What advice do you have for incoming students?
One piece of advice I would give incoming students is to show up fully, not just for the coursework, but for the conversations, the community and the unexpected opportunities that come your way. When I first came to SEAS, I carried a mindset that I think many people from my background can relate to: keep your head down, do the work and let the results speak for themselves. I still believe in the value of that. But one of the most important things I learned at SEAS is that it is also important to speak up about the things you care about. Your work matters, but your ideas matter too. Sometimes asking a question in class, sharing a perspective or speaking up in a group setting can create a ripple effect far beyond what you expect.
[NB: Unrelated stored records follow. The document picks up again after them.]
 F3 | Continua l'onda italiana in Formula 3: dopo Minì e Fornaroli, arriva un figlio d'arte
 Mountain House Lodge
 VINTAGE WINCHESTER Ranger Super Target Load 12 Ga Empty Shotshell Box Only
I would also encourage incoming students to be open to opportunities that may not seem like a perfect fit at first. Of course, it helps to have some guardrails and a sense of what matters most to you, but I think there is real value in saying yes more often than no, especially early on. Not every class, project, internship or conversation will map neatly onto your long-term goals in the first pass, and that is okay. Some of the most valuable parts of my experience came from following curiosity rather than trying to optimize every choice. Perfect can easily become the enemy of progress. SEAS offers so much range that part of the experience is learning to explore before you narrow.
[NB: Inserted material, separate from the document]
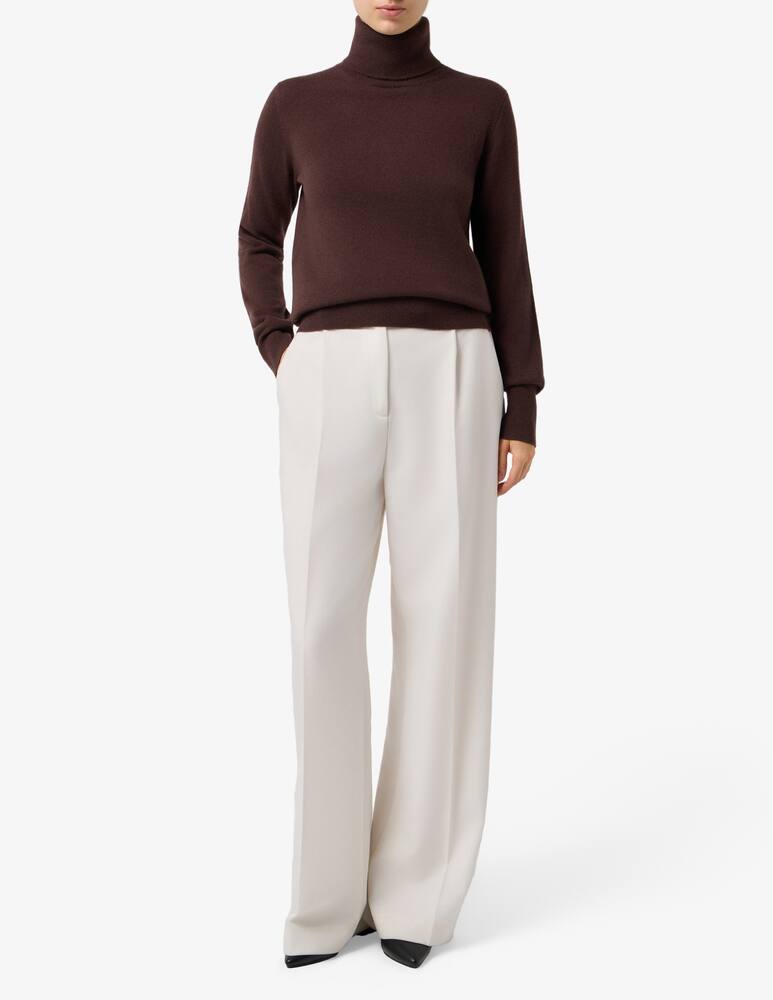 rinascente Pure Cashmere Turtleneck jumper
What are your plans after graduation?
I graduated in December 2025 and now work at Antora Energy as a senior power strategy associate. Antora is a climate tech startup developing long-duration thermal energy storage to help decarbonize industry and build a cleaner, more reliable electric grid. In my role, I work on power strategy at the intersection of energy markets, analytics and deployment. It brings together many of the things that drew me to this field in the first place: energy systems, data-driven decision making, and the challenge of scaling climate solutions in the real world.
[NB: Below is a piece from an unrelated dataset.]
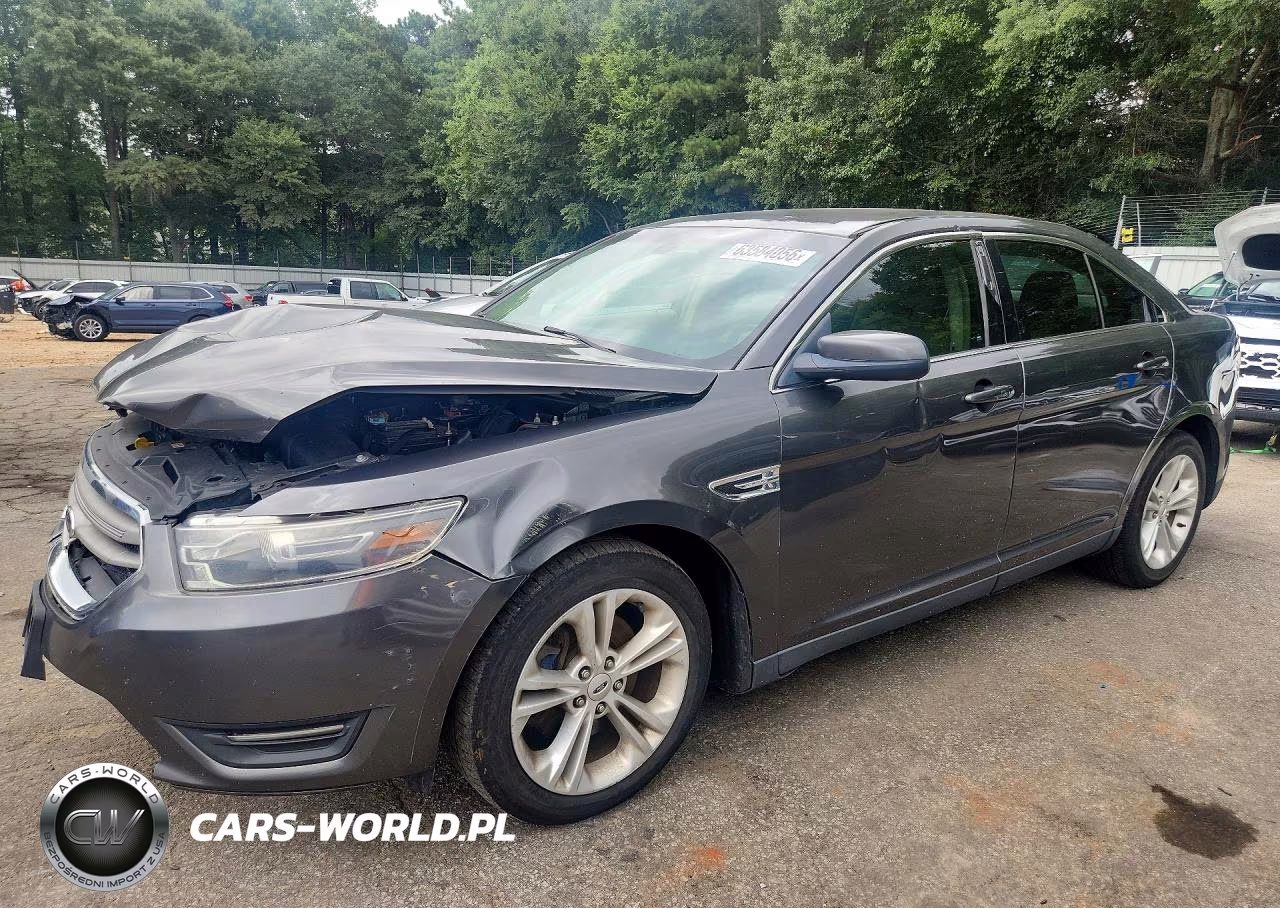 2015 Ford Taurus Sel – zdjęcie 1 z 12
What excites me most is how closely this work connects to the reason I came to SEAS. I wanted to move into a role where I could contribute in a tangible way to decarbonization, and long-duration energy storage feels like one of the most important unsolved pieces of the energy transition. If we want a grid powered by a high share of intermittent renewable energy, we need better ways to store clean electricity and use it when it is needed most. Being able to work on that challenge every day feels both meaningful and energizing.